Do You Feel in Control? Sexual Desire, Sexual Passion Expression, and Associations with Perceived Compulsivity to Pornography and Pornography Use Frequency

AUTHOR(S)

Nathan D. Leonhardt, Dean M. Busby, and Brian J. Willoughby

PUBLISHED

2020 in Sexuality Research and Social Policy

KEY FINDINGS
  • This study found that while sexual drive was associated with higher pornography use, both obsessive and inhibited sexual passion were connected to higher perceived compulsivity.
ABSTRACT
Previous scholars have found that when individuals feel that pornography use is uncontrollable, it is linked to more extreme negative outcomes than frequency of use. With a Mechanical Turk sample of 1421 individuals, we used structural equation modeling to evaluate how multiple aspects of sexual desire (sexual drive and dyadic desire) and multiple aspects of sexual passion expression (harmonious, obsessive, and inhibited) were associated with both pornography use frequency and perceived compulsivity to pornography. In general,... READ FULL ABSTRACT
EXCERPTS
  • "In this study, we explored how sexual desire and sexual passion expression may differ in their associations between pornography use frequency and perceived compulsion to pornography. We hypothesized that sexual desire would be more important for use frequency while sexual passion expression would be more important for perceived compulsivity. Our main hypothesis was generally supported, as the sexual desire variables were more strongly associated with pornography use and the sexual passion variables were more strongly associated with perceived compulsivity."
  • "Sexual drive was the variable most strongly associated with pornography use when all variables were evaluated simultaneously, whereas dyadic sexual desire was not associated with pornography use. It seems that sexual drive reflects a natural interest in sexuality, which may be manifest in non-compulsive engagement with pornography.

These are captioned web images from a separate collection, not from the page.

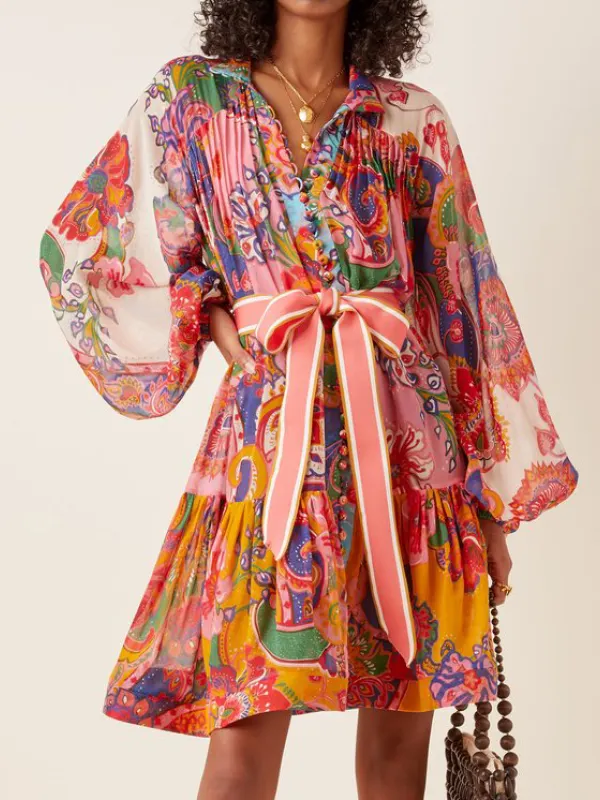 Fashion Long Sleeve Printed Mini Dress - Sunshinetip.com 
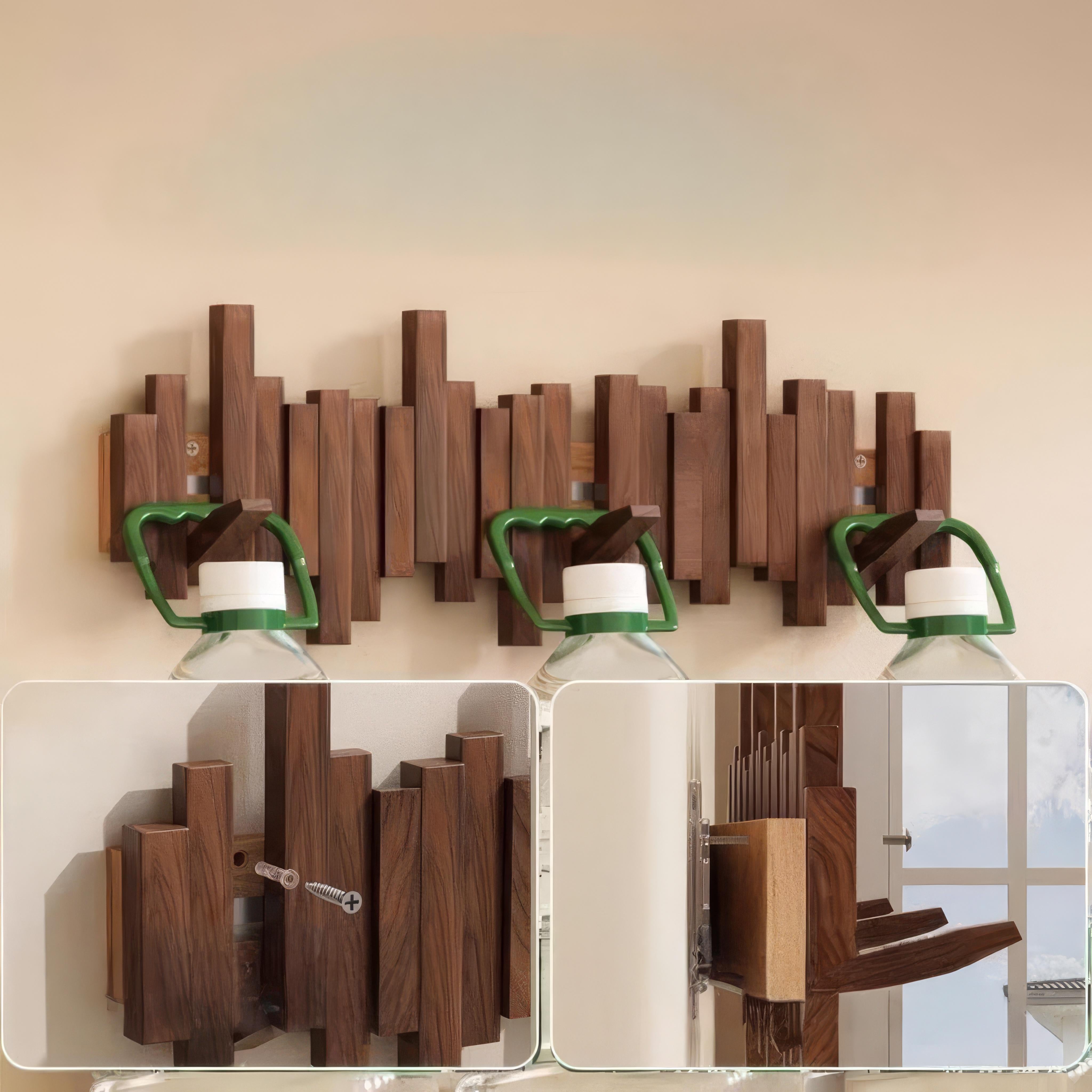 Patère murale pliante à crochets magnétiques en bois naturel pour entrée organisée pratique et gain de place | Koossa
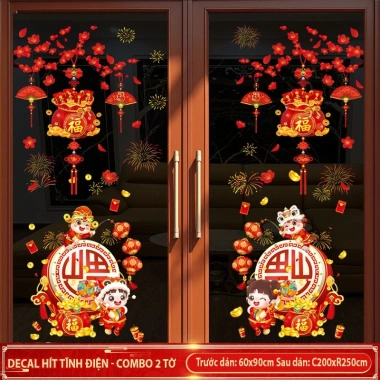 SALE RẺ Decal Dán Tết 2.026 In Hai Mặt Dán Kính Cành Đào Trang Trí Không Keo Hít Tĩnh Điện – Giá 40.000đ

Because individuals are more likely to search out forms of media with which they identify, our results suggest that individuals who have a higher sexual drive are more likely to search out pornography... One possible reason that dyadic sexual desire was not associated with pornography use in the full structural model is that someone feeling high sexual desire for his or her partner may be more likely to pursue sexual activity with the partner rather than search out pornography. Additionally, when simultaneously evaluating dyadic sexual desire and sexual drive, sexual drive might be described as sexual interest directed toward sources other than the partner."